Realize the Full Potential of ESG Sustainability Reporting
Do you want your company to grow it rapidly? The secret is getting to understand and deliver what stakeholders want. This is why ESG sustainability reporting has become central to most operations of companies today. They are demanding environmental, social, and governance (ESG) disclosures that can help in making the right decisions about your company.
Employees want to understand if their company is focused on equality and empowerment, while investors want to assess the potential for their returns.
ESG sustainability reporting has created the roadmap for disclosing a company’s social, environmental and governance impacts. Despite this channel for communication, some stakeholders have raised concerns that the reports they get are not sufficient to help them make the right decisions.
If you make an ESG report of poor quality, the chances are stakeholders will start doubting it. In this post, we will tell you how to harness the full potential of ESG sustainability reporting.
Optimizing the Potential of ESG Reporting
There are a number of ways that you can use to optimize ESG sustainability reporting benefits, and we are going to highlight the most common:
- Engage with Stakeholders and Let them Drive the Report
Stakeholders have developed a huge appetite for change. It is not just transparency. This presents businesses with strong cases for them to take action to win their affection. As a business, you need to identify these stakeholders to understand their needs and strive to deliver it. Take the example of customers as important stakeholders in business operations. By engaging them, they indicate what you should focus on more, meaning that they are not just the consumers of the report, but also the drivers of the process.

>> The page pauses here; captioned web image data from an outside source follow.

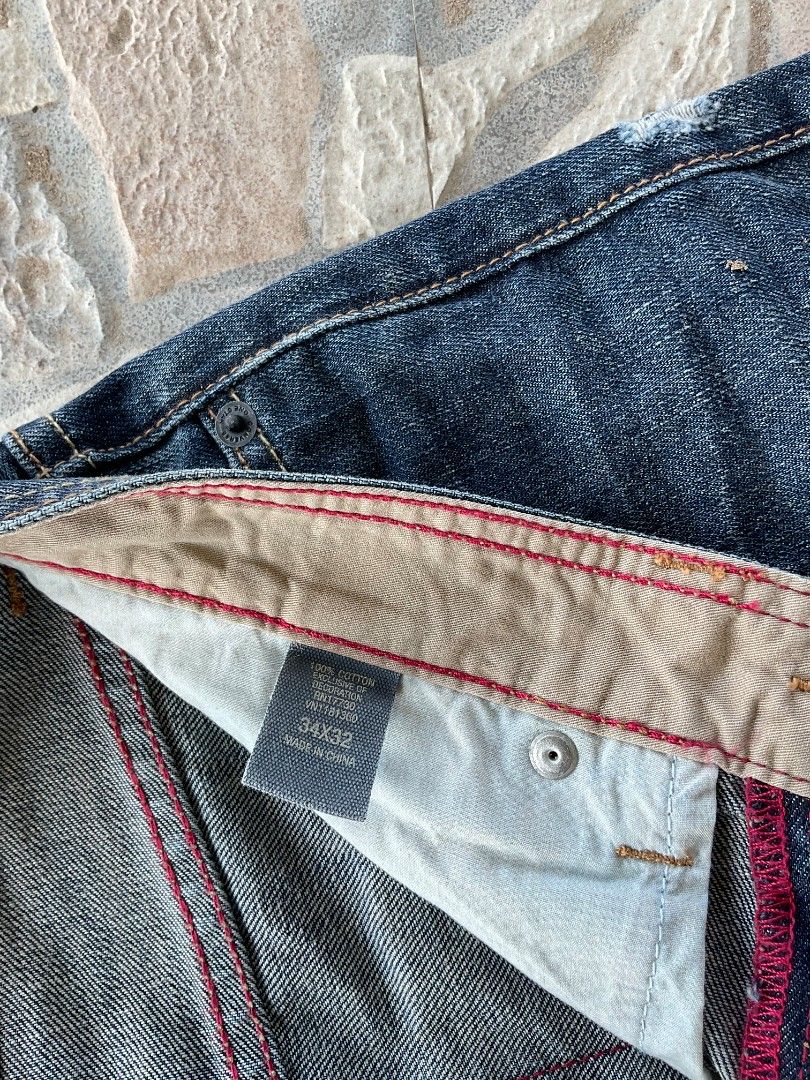 Converse Vintage Straight One Star Jeans (Category: Jeans) located in Manila. Submitted by sampeso (Listing ID 1460885066, Image 3). Description: - Dark wash denim jeans - Straight leg fit - Distressed details on the front - Tag size: 34x32.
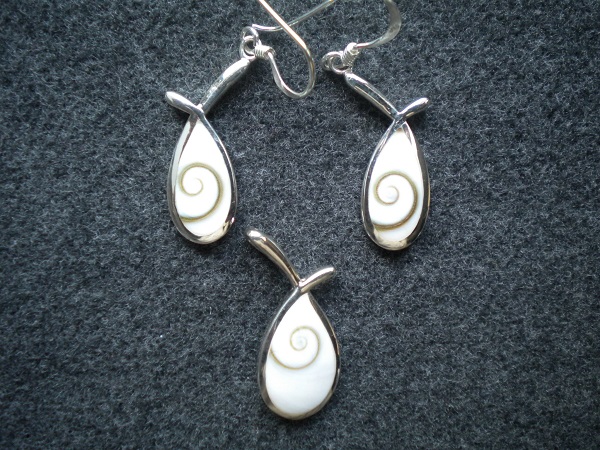 pendentif et boucles d'oreilles virgule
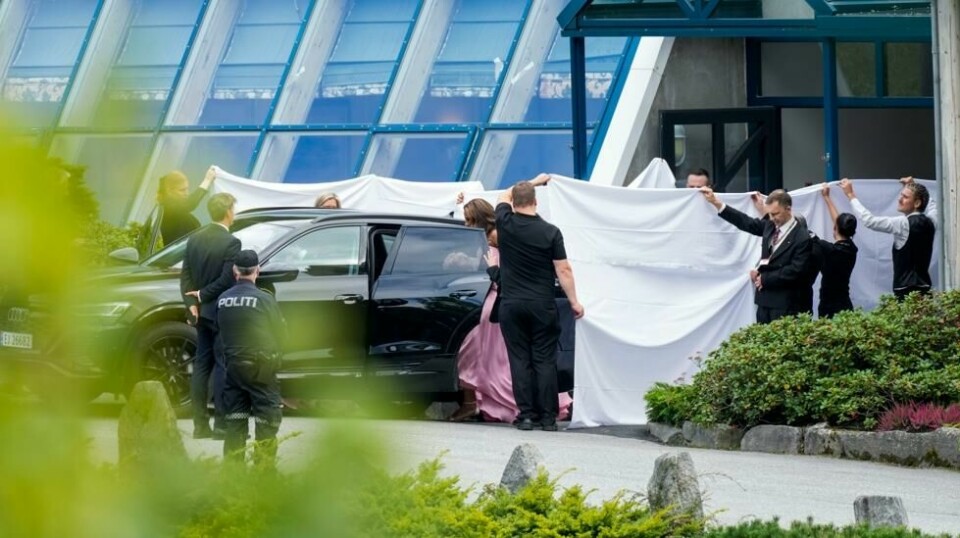 Gjester skjules med store hvite laken utenfor Hotel Union på Vinjevollen i Geiranger for vielsen til prinsesse Märtha Louise og Durek Verrett lørdag. Foto: Heiko Junge / NTB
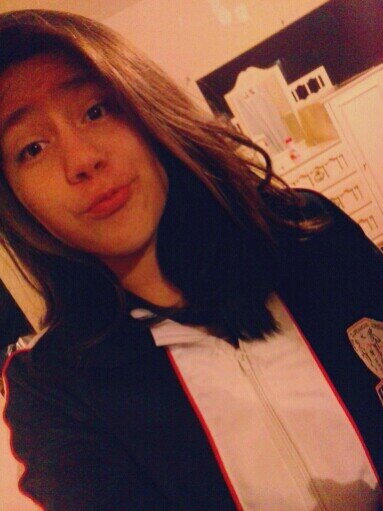 she is confident ohh no no ohh no no i'am BELIEBER:3 Bitch pleasec:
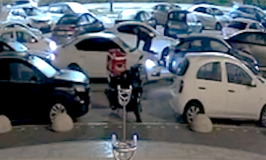 צפו: האישה הנבגדת עלתה על מכסה המנוע, הבעל המשיך לנסוע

When the sustainability report is finally released, they will say, “yes, this is what we wanted.” Customers will buy more, while investors will want to be associated with the future of the company. This is all you might need to drive more sales, raise more capital and take the enterprise to the next level.
- Use ESG Sustainability Reporting for Compliance
As the effects of climate change and others that are related to poor sustainability become clear, regulatory organizations, professional bodies, and stock markets are demanding focus on sustainability. For example, the SEC in the United States is working with market participants on the adequacy of sustainability disclosures with the aim of reviewing them.
Another example is the Hong Kong Stock Exchange, which has set the bar even higher for all listed companies. The secret to enjoying optimal stakeholder support is targeting to deliver or surpass what these regulatory authorities want.
- Use ESG Reporting to Cut Down the Cost of Operations
For some companies, especially in manufacturing, it is not uncommon to get their management emphasizing on the costs associated with ESG reporting. This is indeed true, but a closer look demonstrates that when done well, the cost can be pushed down significantly.
Take the example of an ESG sustainability reporting process that recommends an overhaul of the machinery in a manufacturing facility. When the entire process is done, the cost of production will come down because of high efficiency, implying that you can even sell the products at a lower cost to win a bigger market share.
This post has demonstrated that although ESG sustainability reporting is still in its early stages, it has a huge potential when applied properly. Particularly, it is important to ensure you have the right ESG sustainability reporting software to guide you in the entire process. Remember that once you start the process, the focus should target progressive improvement to build on the current successes.